Gerade als ich mich auf den Weg machen will, sehe ich in der Ferne schon die ersten Ausflugsbusse die Straße zum See entlangrollen. Na, das nenne ich doch mal ein perfektes Timing. Nichts wie los!
Zunächst schlendere ich noch gemütlich am Seeufer entlang, doch schon bald sind die ersten Schilder, die den Dolomiten-Höhenweg 1 markieren, zu sehen und der steile Aufstieg zur Sora al Forn-Scharte (2.388 m) beginnt. Über Geröll geht es zünftig bergauf.
Schon nach kurzer Zeit ist mein T-Shirt klitschnass. Schwerfällig stapfe ich weiter. Vielleicht hätte ich mir das Stück Marmorkuchen verkneifen sollen, das ich nach zwei belegten Toastscheiben, einer kleinen Schale Schokopops und zwei Tassen Kaffee verdrückt habe. Ich lerne einfach nicht dazu! Aber wer kann schon Nein sagen, wenn er morgens einem so reichhaltigen Frühstücksbuffet gegenübersteht?
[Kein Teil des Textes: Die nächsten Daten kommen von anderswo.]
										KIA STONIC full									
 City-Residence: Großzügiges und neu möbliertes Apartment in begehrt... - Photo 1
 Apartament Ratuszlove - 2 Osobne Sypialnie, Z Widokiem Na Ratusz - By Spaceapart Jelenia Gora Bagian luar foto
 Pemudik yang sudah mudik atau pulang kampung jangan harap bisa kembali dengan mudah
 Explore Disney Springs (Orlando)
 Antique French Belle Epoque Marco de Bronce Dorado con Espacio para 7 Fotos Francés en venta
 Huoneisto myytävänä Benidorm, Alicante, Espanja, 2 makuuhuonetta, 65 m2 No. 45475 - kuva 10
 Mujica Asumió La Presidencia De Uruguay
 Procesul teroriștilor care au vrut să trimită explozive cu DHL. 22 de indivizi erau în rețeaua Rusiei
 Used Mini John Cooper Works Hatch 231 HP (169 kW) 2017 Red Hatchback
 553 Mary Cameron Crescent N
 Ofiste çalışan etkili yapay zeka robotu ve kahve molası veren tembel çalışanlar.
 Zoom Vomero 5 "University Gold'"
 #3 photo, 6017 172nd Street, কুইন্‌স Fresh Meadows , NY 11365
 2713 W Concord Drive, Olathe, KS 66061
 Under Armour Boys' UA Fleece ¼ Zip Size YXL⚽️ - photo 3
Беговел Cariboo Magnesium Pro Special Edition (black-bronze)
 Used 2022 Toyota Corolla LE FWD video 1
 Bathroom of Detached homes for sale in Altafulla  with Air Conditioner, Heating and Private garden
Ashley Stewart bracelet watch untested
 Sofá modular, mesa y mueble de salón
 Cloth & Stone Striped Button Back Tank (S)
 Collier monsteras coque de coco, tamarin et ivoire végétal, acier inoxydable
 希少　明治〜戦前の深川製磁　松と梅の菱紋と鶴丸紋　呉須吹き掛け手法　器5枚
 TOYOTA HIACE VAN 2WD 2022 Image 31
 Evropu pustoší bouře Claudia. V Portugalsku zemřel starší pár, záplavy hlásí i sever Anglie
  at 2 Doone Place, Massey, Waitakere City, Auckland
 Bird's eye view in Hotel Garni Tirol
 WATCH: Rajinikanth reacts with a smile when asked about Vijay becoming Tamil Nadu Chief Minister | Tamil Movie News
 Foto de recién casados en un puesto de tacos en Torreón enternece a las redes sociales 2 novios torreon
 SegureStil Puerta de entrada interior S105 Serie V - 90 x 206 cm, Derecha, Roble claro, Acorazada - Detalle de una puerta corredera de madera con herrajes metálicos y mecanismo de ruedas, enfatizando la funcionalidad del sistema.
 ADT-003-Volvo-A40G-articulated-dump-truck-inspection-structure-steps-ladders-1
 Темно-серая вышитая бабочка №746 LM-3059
Oben angekommen atme ich erst einmal tief durch und werfe einen letzten Blick hinunter auf den See. Der Weg schlängelt sich nun zwischen großen Steinbrocken hindurch. Die Sonne brennt. Nach einem leichten Abstieg komme ich an der kleinen Seekofel-Hütte (2.325 m) vorbei, die hier einsam in der Landschaft steht. In ihrem Schatten ruhe ich mich kurz aus, nehme einen kräftigen Schluck aus meiner Flasche und mache mich dann wieder auf den Weg.
Über die grüne und weitläufige Sennes-Hochfläche wandere ich auf einfachen Pfaden weiter zur Sennes-Hütte (2.116 m).
Ich suche mir einen freien Platz auf der gutbesuchten Terrasse und bestelle mir eine kalte Apfelschorle und ein paar fettige Pommes frites. Die habe ich mir jetzt redlich verdient.
Nach meiner Mittagspause führt mich eine Schotterpiste steil hinunter nach Pederü (1.545 m). Dort lege ich eine kurze Kaffeepause ein und mache mich anschließend auf den Weg hinauf zur schön gelegenen Fanes-Hütte (2.060 m), wo ich die kommende Nacht verbringen werde. Nach einer Dusche sitze ich noch eine Weile vor der Hütte in der Sonne, schreibe in meinem Tagebuch und lasse den ersten Wandertag dann gemütlich bei einer Portion Gnocchi mit Käsesoße und einem cremigen Tiramisu ausklingen.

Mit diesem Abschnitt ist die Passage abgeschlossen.